This antique treasure box will return to its longtime home in the Colonial Arts Center.

Nearly 100-year-old treasure box returns to Colonial Arts Center

BUCKHANNON – An original fixture of the Colonial Arts Center will return once renovations on the Main Street theater have concluded.

Buckhannon City Council member David McCauley attended the Dec. 8 CAC board meeting to donate the Garland West treasure drawing box back to the center.

“Back in 2017, Bryson VanNostrand said he had passed on acquiring the treasure box that was used from 1930 to 1966 by Garland because they wanted too much money for it, and then he sent me a link to the fella who purchased it and had it on eBay,” McCauley said. “It still had the history of the ‘Garland West Treasure Box, Colonial Theatre,’ on it, so I inquired, but I didn’t want to pay $500 for it. I asked him if he would take $300, and he said $400, and I said how about we split the difference at $350, so that’s how I got it.”

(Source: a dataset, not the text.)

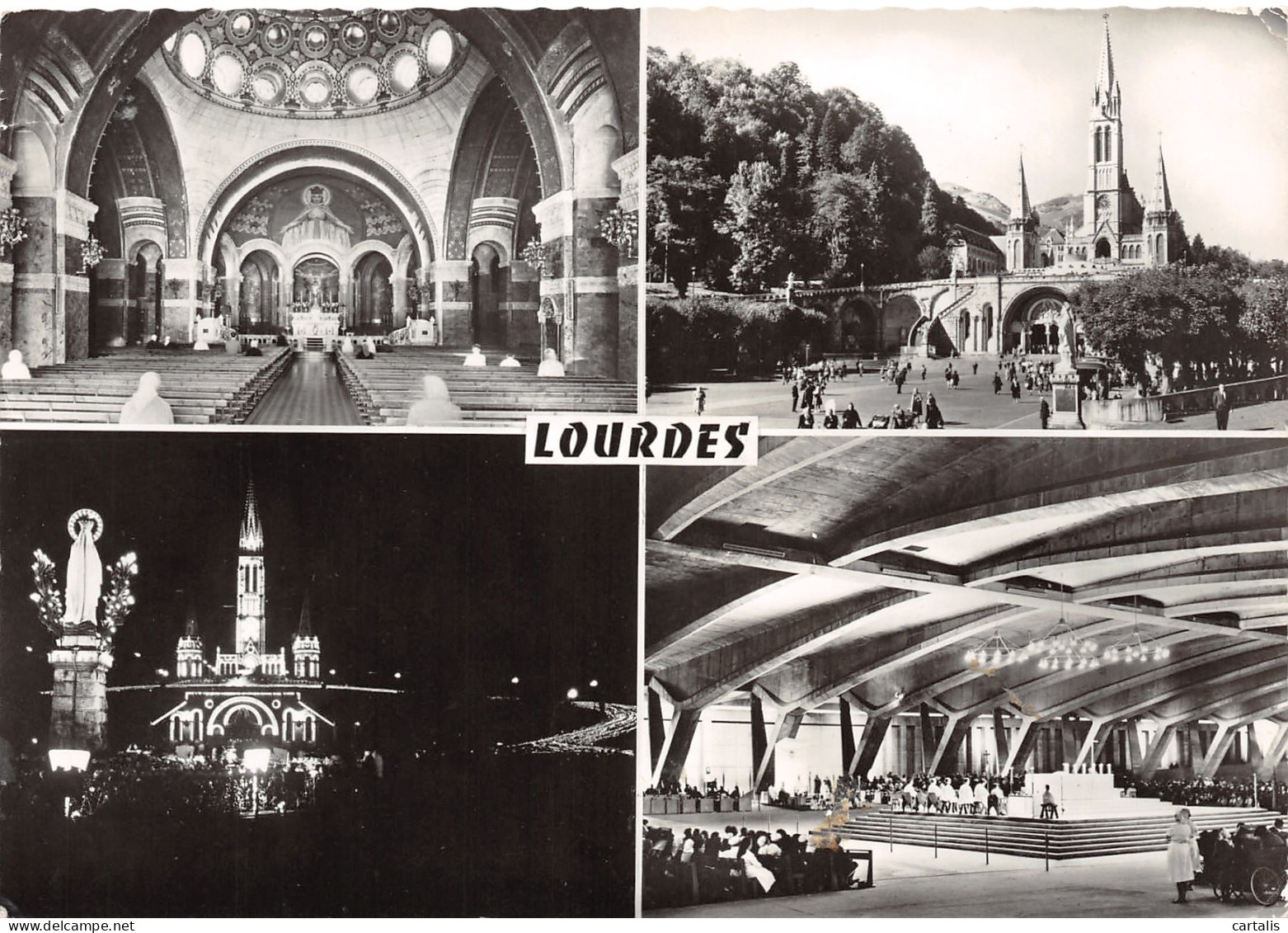 65-LOURDES-N°3814-B/0037 - Lourdes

McCauley said it was time to officially donate the treasure box to the CAC board.

“We didn’t want to have it broken or compromised or have somebody think it was just a piece of junk, so now it officially belongs where it started out — at the Colonial Theatre, way back in 1930,” McCauley said. “Construction on the theater began in the fall of 1923, and another interesting historical fact is next year will mark 100 years since the Colonial Theatre opened in 1924.”

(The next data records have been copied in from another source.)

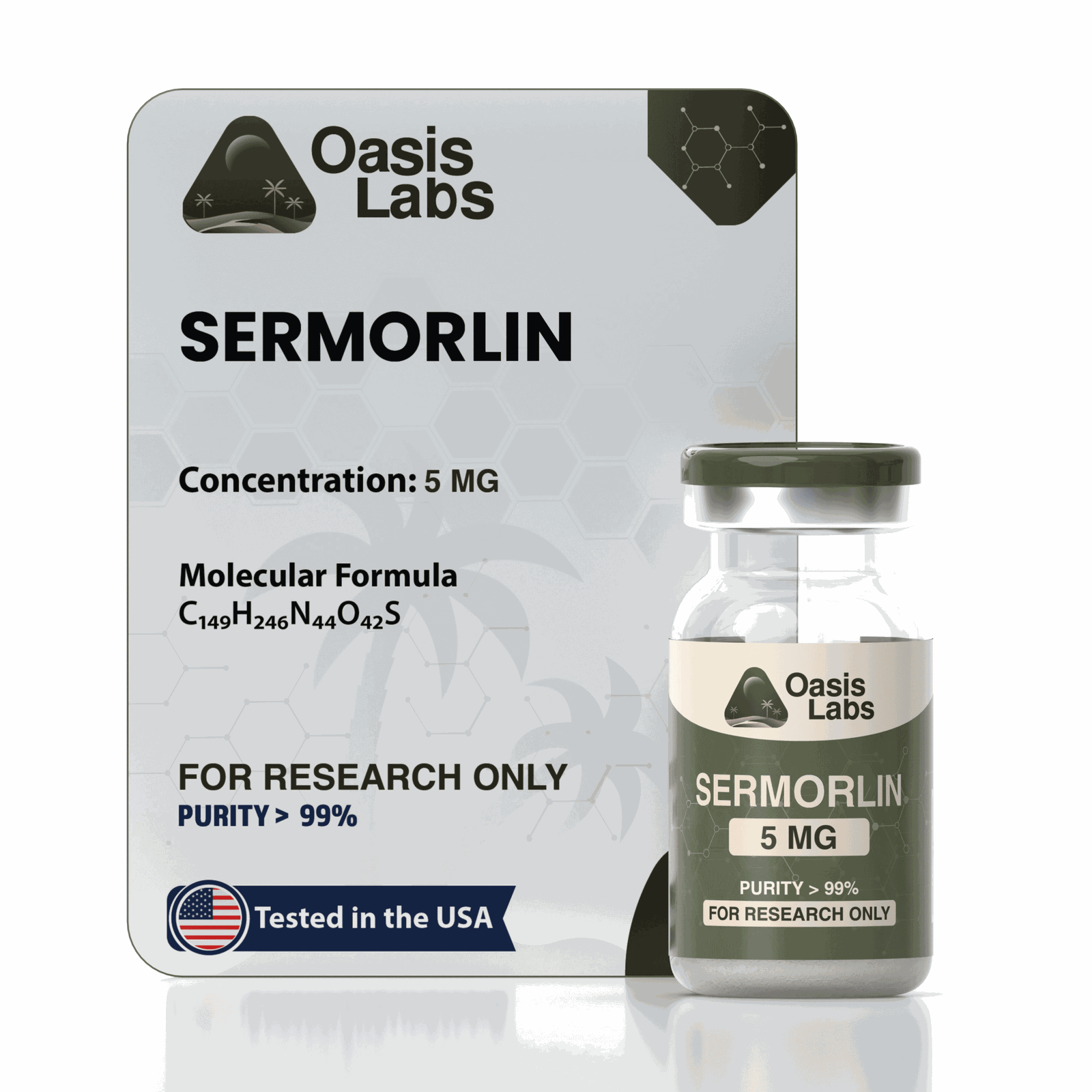 Sermorlin 5mg Sermorlin 5mg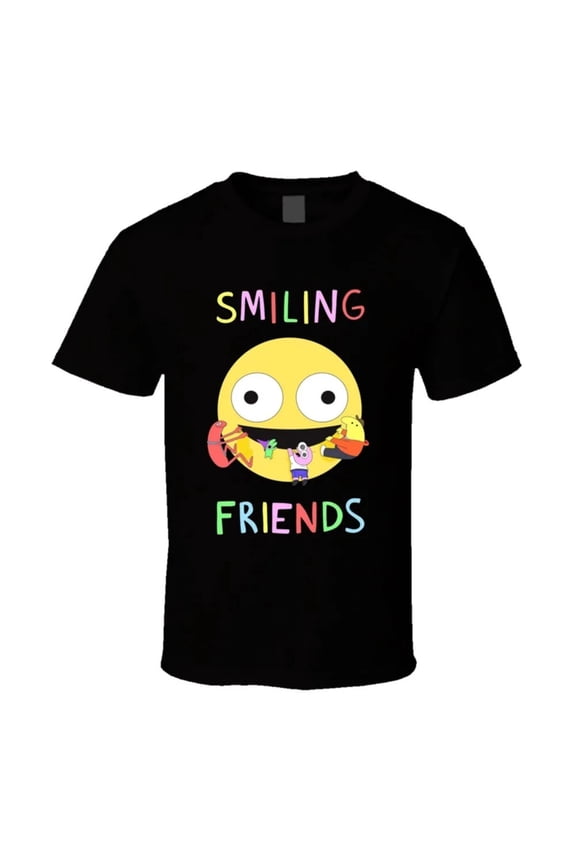 Smiling Friends Tv Show Cotton Unisex Short Sleeve T-Shirt All Size S-5XL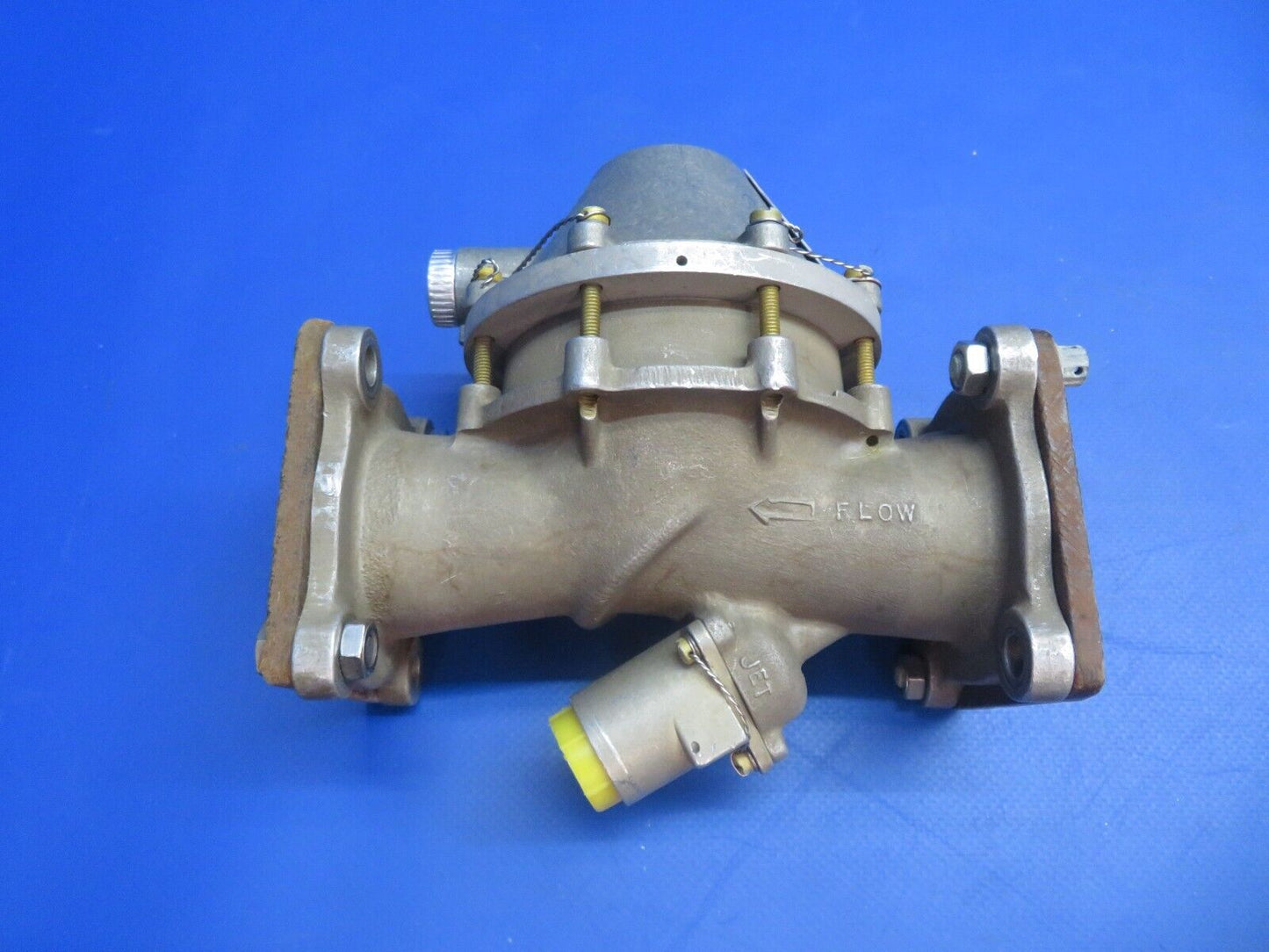 Parker Size 2 Valve Shut-off Fuel Dump Control P/N 10-60531 w/8130 (1122-610)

He went over the history of the box and its intended purpose.

“It is a historical artifact that is apparently pre-Depression,” McCauley said. “During the Depression, during World War II and the Korean War, Garland West was enthralled with the Colonial from 1930 to 1966, and he would have nightly drawings. Back in those days, movies had intermissions while they changed the reels, and they would do drawings. People were hungry because it was the Depression, so they would give away bags of groceries, and that’s one of the reasons the theater was so packed.”

McCauley also asked the board to acknowledge the role Catherine Cuppari played when the theater was purchased in 2016.

“Catherine Cuppari appraised the value for the property at $148,000,” McCauley said. “I offered her $50,000, and she squeezed my hand across the lunch table and said, ‘Mr. Mayor, I’m going to give you one more chance at this, and then I’m going to walk away.’ I said I only have authority for $50,000, but I will add $10,000 of my own money and get you $60,000, then we will dedicate the foyer someday. We have a placard that will identify the Cuppari family as being the primary benefactor to getting this project started, because if she hadn’t budged off the $148,000, we wouldn’t have gotten where we are today.”

The board voted to display information at the center to note the history of Garland West and the Cupparis.